Неназванная европейская страна, благополучные представители «чистых» профессий, череда причудливо комичных ситуаций, в которых алкоголь – медиатор, сыворотка правды, устранитель шор и масок (хотя каждый персонаж, в той или иной степени, – маска, типаж нашего современника), открывающий дорогу к разговорам о главном.
Фёдоров будто не замечает фирменный вырыпаевский приём – катехизис наоборот, когда наставление не ведёт к однозначным выводам; за каждым вопросом следуют парадоксальные, опровергающие ответы; и от музыкальности текста с его по многу раз повторяющимися фразами Фёдоров будто отказывается.
Впервые звучание вырыпаевской вербальной музыки приобретает бытовую ершистость – и бытовую же достоверность; это вызывающий шаг, но работает!

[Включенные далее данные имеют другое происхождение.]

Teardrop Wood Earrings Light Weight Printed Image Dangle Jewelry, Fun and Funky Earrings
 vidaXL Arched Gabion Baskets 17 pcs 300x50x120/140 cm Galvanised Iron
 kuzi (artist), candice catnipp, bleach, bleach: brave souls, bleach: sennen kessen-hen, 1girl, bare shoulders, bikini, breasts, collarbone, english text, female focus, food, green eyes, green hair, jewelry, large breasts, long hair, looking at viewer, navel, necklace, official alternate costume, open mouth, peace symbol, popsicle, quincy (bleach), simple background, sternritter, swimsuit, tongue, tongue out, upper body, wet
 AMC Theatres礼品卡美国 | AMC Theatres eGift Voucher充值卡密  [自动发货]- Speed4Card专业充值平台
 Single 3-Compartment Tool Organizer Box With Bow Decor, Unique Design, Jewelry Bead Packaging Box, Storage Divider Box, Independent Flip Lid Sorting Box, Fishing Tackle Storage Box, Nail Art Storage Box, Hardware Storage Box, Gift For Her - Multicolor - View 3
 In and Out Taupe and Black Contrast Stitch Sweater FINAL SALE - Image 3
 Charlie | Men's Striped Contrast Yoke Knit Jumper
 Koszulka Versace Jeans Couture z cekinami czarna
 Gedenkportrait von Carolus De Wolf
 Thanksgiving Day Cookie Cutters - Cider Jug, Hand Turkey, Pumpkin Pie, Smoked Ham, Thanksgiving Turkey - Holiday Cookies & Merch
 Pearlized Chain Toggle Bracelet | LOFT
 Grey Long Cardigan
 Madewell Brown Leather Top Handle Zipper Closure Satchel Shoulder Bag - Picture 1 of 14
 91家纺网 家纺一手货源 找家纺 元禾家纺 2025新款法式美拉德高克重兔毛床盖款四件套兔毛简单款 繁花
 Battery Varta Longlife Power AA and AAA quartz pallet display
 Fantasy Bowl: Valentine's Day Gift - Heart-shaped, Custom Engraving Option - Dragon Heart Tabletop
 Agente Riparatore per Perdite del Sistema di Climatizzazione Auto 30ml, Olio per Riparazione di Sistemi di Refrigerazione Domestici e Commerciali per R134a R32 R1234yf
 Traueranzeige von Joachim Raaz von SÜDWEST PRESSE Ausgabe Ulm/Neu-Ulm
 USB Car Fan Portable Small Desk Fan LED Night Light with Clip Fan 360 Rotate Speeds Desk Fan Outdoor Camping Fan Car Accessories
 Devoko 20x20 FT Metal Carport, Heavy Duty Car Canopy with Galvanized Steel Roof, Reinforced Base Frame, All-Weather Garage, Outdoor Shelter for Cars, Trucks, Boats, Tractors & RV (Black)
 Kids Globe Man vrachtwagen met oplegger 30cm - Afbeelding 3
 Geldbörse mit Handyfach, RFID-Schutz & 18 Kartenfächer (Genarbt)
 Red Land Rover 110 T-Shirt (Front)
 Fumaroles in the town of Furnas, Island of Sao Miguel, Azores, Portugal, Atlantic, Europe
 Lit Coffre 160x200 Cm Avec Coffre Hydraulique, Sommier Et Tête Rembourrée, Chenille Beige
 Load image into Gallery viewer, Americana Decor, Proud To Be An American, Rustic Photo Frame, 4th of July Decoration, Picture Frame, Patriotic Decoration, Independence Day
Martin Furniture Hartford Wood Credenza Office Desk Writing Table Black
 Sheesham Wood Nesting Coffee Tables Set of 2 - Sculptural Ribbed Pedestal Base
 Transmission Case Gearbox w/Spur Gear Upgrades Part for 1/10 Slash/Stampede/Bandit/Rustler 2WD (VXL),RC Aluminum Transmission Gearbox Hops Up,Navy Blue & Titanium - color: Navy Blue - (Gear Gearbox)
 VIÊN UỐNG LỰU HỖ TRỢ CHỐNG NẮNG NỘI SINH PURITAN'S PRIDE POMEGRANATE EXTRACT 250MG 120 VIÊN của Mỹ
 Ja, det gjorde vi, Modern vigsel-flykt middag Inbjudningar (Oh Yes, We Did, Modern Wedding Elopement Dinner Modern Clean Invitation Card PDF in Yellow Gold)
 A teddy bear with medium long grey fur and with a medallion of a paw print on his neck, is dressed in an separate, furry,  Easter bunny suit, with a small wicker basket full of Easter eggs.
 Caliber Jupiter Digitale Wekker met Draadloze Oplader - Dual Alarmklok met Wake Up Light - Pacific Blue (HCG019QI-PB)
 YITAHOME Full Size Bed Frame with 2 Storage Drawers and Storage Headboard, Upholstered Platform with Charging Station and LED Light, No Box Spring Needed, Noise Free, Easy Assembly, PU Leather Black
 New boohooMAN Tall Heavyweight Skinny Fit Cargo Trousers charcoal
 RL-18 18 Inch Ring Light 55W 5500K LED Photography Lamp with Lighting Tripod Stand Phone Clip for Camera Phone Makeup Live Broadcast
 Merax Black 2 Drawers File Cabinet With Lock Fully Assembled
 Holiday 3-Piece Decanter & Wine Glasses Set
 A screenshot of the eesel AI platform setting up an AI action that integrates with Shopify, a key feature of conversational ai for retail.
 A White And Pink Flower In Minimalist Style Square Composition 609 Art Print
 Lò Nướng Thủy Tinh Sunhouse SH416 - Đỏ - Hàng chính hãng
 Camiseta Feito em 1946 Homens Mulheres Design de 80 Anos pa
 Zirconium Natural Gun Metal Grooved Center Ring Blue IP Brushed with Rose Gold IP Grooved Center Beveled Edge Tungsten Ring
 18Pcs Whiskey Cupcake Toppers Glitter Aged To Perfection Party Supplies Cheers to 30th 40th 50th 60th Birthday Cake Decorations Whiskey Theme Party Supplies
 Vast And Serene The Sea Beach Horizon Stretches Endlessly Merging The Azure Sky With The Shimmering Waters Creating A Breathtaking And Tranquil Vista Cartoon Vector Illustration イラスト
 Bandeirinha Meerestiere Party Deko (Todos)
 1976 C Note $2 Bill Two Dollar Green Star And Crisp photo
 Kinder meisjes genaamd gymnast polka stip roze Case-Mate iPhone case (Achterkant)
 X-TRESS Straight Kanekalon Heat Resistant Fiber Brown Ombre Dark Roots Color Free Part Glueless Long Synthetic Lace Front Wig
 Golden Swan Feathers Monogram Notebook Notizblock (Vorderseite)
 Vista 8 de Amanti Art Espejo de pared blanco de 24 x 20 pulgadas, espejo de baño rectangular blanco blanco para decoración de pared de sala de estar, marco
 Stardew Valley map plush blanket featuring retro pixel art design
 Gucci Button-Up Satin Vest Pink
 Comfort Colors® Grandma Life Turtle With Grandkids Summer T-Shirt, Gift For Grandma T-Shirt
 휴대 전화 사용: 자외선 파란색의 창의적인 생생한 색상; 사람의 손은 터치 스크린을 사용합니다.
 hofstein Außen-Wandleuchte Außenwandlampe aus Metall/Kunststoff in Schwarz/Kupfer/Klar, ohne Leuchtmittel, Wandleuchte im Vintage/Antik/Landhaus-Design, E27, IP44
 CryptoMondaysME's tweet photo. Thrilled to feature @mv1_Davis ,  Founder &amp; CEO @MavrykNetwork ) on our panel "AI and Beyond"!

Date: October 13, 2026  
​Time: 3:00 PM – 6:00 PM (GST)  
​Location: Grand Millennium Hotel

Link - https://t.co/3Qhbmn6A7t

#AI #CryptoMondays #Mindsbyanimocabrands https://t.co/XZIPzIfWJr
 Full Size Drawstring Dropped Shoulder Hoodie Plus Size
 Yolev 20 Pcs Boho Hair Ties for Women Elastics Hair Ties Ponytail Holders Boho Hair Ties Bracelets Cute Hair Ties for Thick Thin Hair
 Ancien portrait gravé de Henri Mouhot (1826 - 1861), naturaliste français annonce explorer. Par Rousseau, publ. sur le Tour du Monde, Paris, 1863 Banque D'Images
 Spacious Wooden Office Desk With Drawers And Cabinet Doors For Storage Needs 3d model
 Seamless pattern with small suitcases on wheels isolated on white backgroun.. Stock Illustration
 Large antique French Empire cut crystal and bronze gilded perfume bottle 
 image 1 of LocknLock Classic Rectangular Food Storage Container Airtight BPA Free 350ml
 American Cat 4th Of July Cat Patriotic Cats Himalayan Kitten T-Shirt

Лет десять назад, на пермском фестивале «Текстура», я впервые услышал от Вырыпаева о его абсолютном восхищении Гришковцом; мне-то казалось, это две планеты, где один – поэт-парадоксалист, изощренно поверяющий на прочность религиозные заповеди, и где другой – «попсовик», «конъюнктурщик», эксплуатирующий маленькие чувства «маленьких людей». А оказалось, что Вырыпаев видит в Гришковце самого близкого автора. Так вот, Фёдоров добивается того, что зал реагирует на Вырыпаева как на Гришковца – эмоционально, открыто, как на житейскую историю, а не абстрактную, пусть и смешную, притчу.
Это притом, что Фёдоров подчёркивает условность пространства, превращая банкетки и диваны в этакий зал ожидания, где томятся не занятые в данный момент артисты. Открывая кирпичный сценический задник; с лестницей, фанерными человеческими фигурами и музыкантом-ударником, примостившимся в глубине.
Из того, что я так много говорил здесь про интерпретацию текста, вовсе не следует, что спектакль – какая-то масштабная говорильня; он насколько внимателен к слову, настолько и визуально изобретателен.
Фёдоров – и режиссёр, и сценограф, из тех редких авторов, кто сам, целиком и полностью, с нуля придумывает свой спектакль (вот кто ещё? Серебренников, Черняков, иногда – Бычков и Жолдак, а больше навскидку никого не вспомню). Он превращает персонажей в «странников в ночи»: у каждого в руках чемодан, на котором написано имя героя и имя актера (я выше не случайно упомянул всех исполнителей: стерлитамакские «Пьяные» – точёный ансамблевый спектакль, где все работают с энергией и отдачей рок-группы – пусть и звучит аккордеон).
Ирреальность пространства Фёдоров подчёркивает одной вычурной, арт-щегольской деталью: на фанерный экран проецируется социально-сюрреальная живопись – Эндрю Уайет, Дэвид Хокни, Норман Роквелл, «Любовники» Рене Магритта. Не буквальные иллюстрации действия (хотя вырыпаевские линды-марки-лоуренсы точно посещают музеи с этими художниками в коллекциях), но работы, чей ток и чья странность рифмуются с атмосферой спектакля.
А почти в каждом эпизоде Фёдоров ненавязчиво, не в лоб, проигрывает ключевую тему – смерти и воскрешения.
Быт не противоречит бытийной составляющей.